July 10. 2009

   ::: Leslie Mora was attacked and beaten by two men in Queens, NY on June 19 while walking home from a gay club. Her attackers Trinidad Tapia and Gilberto Ortiz, tugged at her dress and pulled her before they began to throw a barrage of punches that left her motionless on the street, Queens Tribune reports. When she attempted call for help on her cell phone, the two returned and continued the attack while calling her “faggot” in Spanish. Tapia later removed his belt to beat her on the head with the buckle. The assault ended only after a driver stopped and threatened to call police. Despite the viciousness of the attack which causes the transgender woman to suffer anxiety attacks when she goes out in public, the attackers were not initially charged with a hate crime – at least not until a complaint from a transgender advocacy group prompted the DA to “reopen” the file. Queens Tribune reports that are too many stories in the borough that are similar to Mora’s.

image    ::: Actress Sharon Gless will be presented with the Gay Icon Award on July 19 at the 15th annual Philadelphia QFest for being “a compassionate champion for the gay & lesbian community.” The film festival which continues through July 20 features a screening of Gless’s new film, Hannah Free, in which she plays a wheel-chair-bound free-spirited lesbian. Gless, who now steals the show during her brief appearances on the cable show Burn Notice as the chain-smoking, fast-talking, and overprotective mother of a spy, cemented her gay-iconic status when she played the fast-talking, oddly-dressed, overprotective mother of a gay son on Queer as Folk.

   ::: Springfield, MO has an ordinance on the books declaring “solicitation by homosexuals” to be illegal. The unused “anti-gay flirting law” states, “It shall be unlawful for any person in a public place to invite, entice, persuade or to address a person of the same sex for the purpose of inviting, enticing or persuading such person to commit" a sexual act. The city attorney says the law, which was enacted in 1976, is unconstitutional and should have been stricken long ago during a review of antiquated ordinances.
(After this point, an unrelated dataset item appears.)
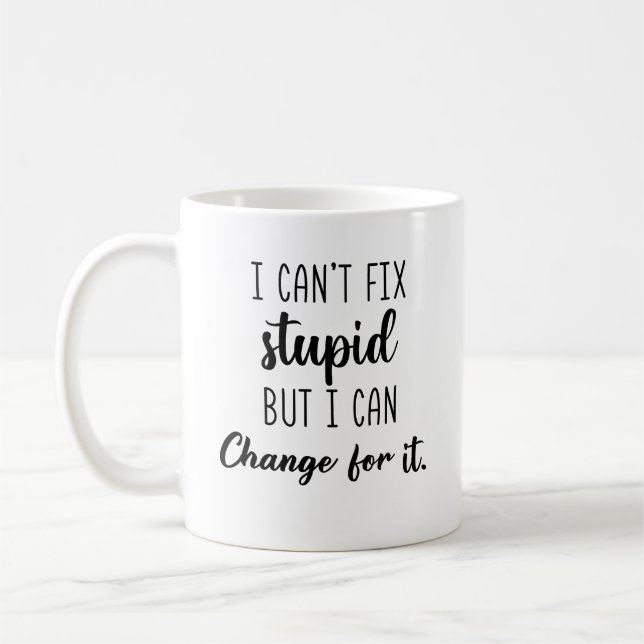 I Can’t Fix Stupid But I Can Charge For It Funny  Kaffeetasse (Links)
A member of the city council now says it should be wiped off the books immediately.

headlinks: 

[India] Director says Bollywood needs to be more sensitive towards depiction of homosexuality [The Hindu] 
[business] CEO of Rockstar Energy Drink’s says company will 'expand' LGBT policies, donations; Disavow’s father’s anti-gay tirades [SistersTalk]
[religion] Pope lets married right-wing ex-Anglican become Catholic [McClean’s]
[dadt] Palm Center legal memo outlines Pentagon options on gay ban [press release]
[media] Village Voice Media writers try to guess “best parks for sex” [Kansas City Pitch]
[India] Homosexuality not a taboo in Jharkhand tribe  [Hindustan Times]

image Philip Ambach
A 32 year-old Hungarian tourist was convicted this week of manslaughter, but found not guilty of murder, for the 2008 beating death of a 69 year-old gay man at his Aukland, New Zealand home.

During trial the jury was told that Philip Ambach beat Ronald Brown with a banjo before ramming the instrument down his throat, New Zealand Herald reports.

Ambach’s defense put up a “gay panic” defense during trial. They claimed that the older man, who was gay, made unwanted sexual advances toward Ambach, who worked as a diving master.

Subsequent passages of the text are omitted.